In determining whether an unconstitutional provision in a statute is severable from the remainder of the statute, a court must ascertain and give effect to the legislature’s intent. Russell Stewart Oil Co. v. State of Illinois, 124 Ill. 2d 116, 128 (1988); Springfield Rare Coin Galleries, Inc. v. Johnson, 115 Ill. 2d 221, 237 (1986). We presume that the legislature intended to enact a statute that was consistent with the constitution and must give effect to as much of the statute as is possible, consistent with the constitution. Domfeld v. Julian, 104 Ill. 2d 261, 266 (1984). This court stated the general standard for determining severability in People ex rel. Adamowski v. Wilson, 20 Ill. 2d 568, 582 (1960): "If what remains after the invalid portion is stricken is complete in itself and capable of being executed wholly independently of that which is rejected, the invalid portion does not render the entire section unconstitutional unless it can be said that the General Assembly would not have passed the statute with the invalid portion eliminated.” See also Russell Stewart Oil Co., 124 Ill. 2d at 128. Applying these principles here, we conclude that the unconstitutional portion of the Act is severable from the remainder of the Act.
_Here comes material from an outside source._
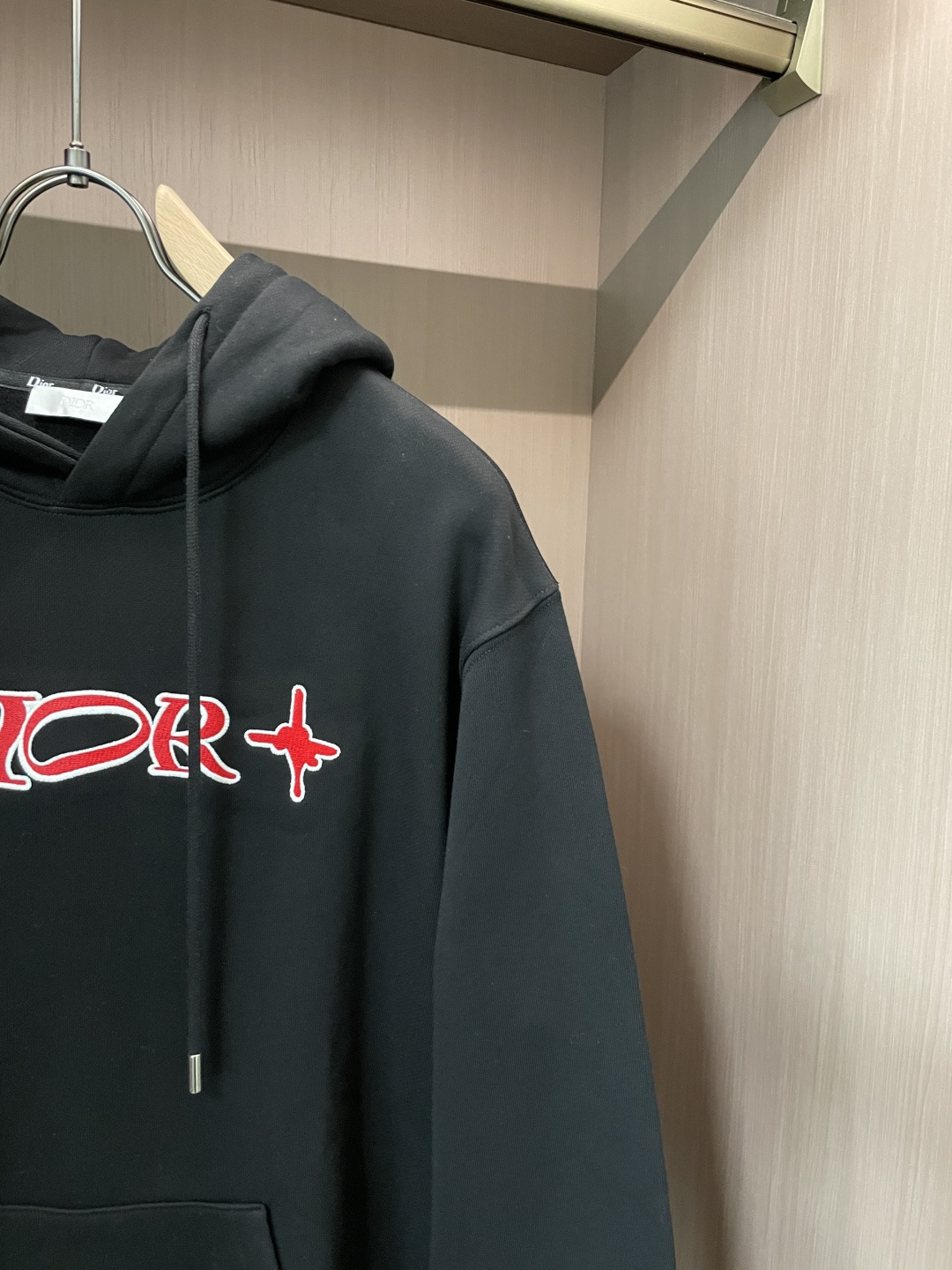 Dior 秋冬加绒连帽卫衣 男女同款时尚休闲套头加绒卫衣衫!贸易公司渠道稀出,领先官网发售!一直都是神奇的存在,有着极 Dior 秋冬加绒连帽卫衣 男女同款时尚休闲套头加绒卫衣衫!贸易公司渠道稀出,领先官网发售!一直都是神奇的存在,有着极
The primary purpose of the Act was to change the Board of Trustees from an elective to an appointive office. Without the provision removing the elected trustees from office midterm, the Act is constitutional and satisfies its apparent objective. Moreover, those portions of the Act that state that trustees will hereafter be appointed by the Governor, with the advice and consent of the Senate, rather than elected, are complete and capable of being executed wholly independently of that portion of the Act that removes the sitting trustees from office. The valid and invalid parts of the statute are not *314so inextricably connected that we must conclude that the legislature would not have enacted the statute without the invalid portion. Accordingly, we conclude that the legislature intended the Act to remain a valid statute, even if the portion immediately removing the elected trustees from office is excised.

CONCLUSION

That portion of the Act that removes the elected trustees from office is invalid and shall not be given effect. The remainder of the Act shall remain in effect. The appointive process set forth in the Act shall be implemented when the terms of the elected trustees expire or when those offices become vacant through death, resignation or other means. For these reasons, the judgment of the circuit court is affirmed to the extent that it declared the appropriate provision of the Act invalid, but reversed as to its declaring the remaining provisions invalid.

Judgment affirmed in part and reversed in part.